While the opening Grand Prix test will be familiar to the drivers as it ran at the end of both Friday and Saturday, the Serraglio stage makes its first appearance on Sunday and will, ultimately, decide the destiny of this year’s various world championship titles.
SS14 Grand Prix 3 (6.41 miles)
This one, as we’ve reported previously, is much more straightforward than the rest of the weekend’s circuit stages and involves a run around the old circuit loop (clockwise) for the first ‘lap’. Back onto the start/finish straight and the crews then move onto the Grand Prix track and, get, this, they do the whole lap in the right direction. The first chicane is just that!
The potential for any long, snowy, sleety drifts around Parabolica is spoiled by the need to negotiate a couple of chicanes, but otherwise this one is comfortably the clearest of the circuit stages from a navigational – and stage description – perspective.
SS15/16 Serraglio (9.33 miles)
I give up. Seriously. I think I need a significantly sized glass of Valcalepio Rosso (a tidy Merlot-Cabernet blend) or a whole heap of Peroni before I start to try to describe what’s going on with the final two stages of Rally Monza.
I spoke previously about the Costa Valle Imagna stage being a sting in the tail. And the descent to the finish of that mountain road provided a sting within a sting. But this one’s an absolute shocker with 15 surface changes (that’s grassy, cobbles, broken asphalt, good asphalt, dirty asphalt, snowy asphalt, sleety-wet grass… you get the picture) in just over nine miles.
Anybody who thinks this event is done once they come out of the mountains on Saturday night is deluded. There’s more concrete than you could shake a broken wishbone at and enough heavy braking areas to catch out the best of the best.

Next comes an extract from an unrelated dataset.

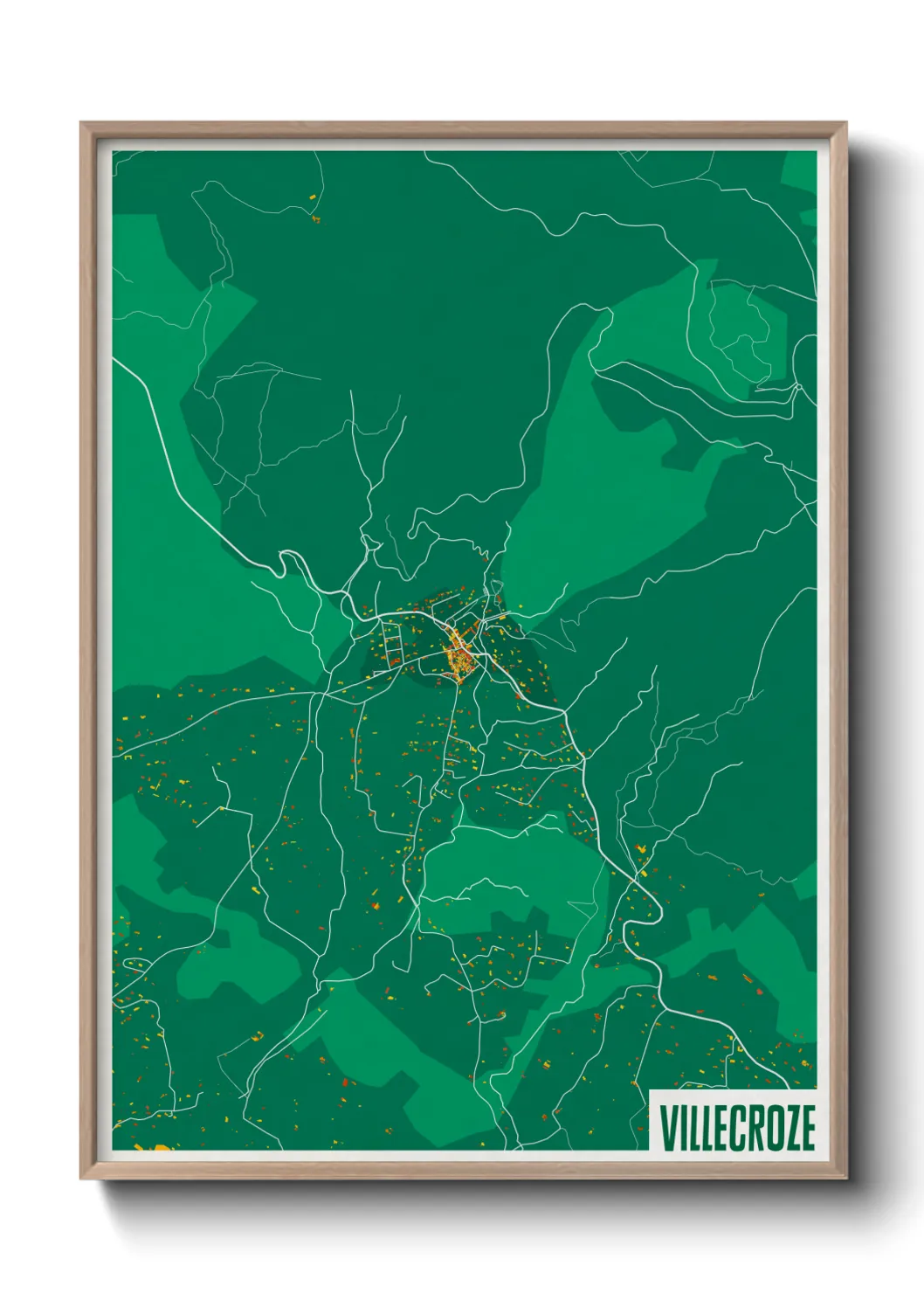 Une affiche de carte sur Villecroze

The start is the same as SS4/5 Cinturato from Friday, then it’s out onto the old loop (southern end), down past the golf course, square left into the infield for a bunch of straights, squares and twiddly bits before arriving on the start/finish straight for Rettifilo. Off into the trees mid-Curva Grande, they’re back on track north of Variante della Roggia, off track again just after what Formula 1 drivers would call Turn 6 (part one of Curve di Lesmo). Back on the gravel, it’s a fast section under a tunnel, hairpin right, around a roundabout and onto the banked section for one last time (anti-clockwise) before the final sequence of 2020 WRC corners: square left into square left, k-right into hairpin-right and hello world champion. Whoever you are.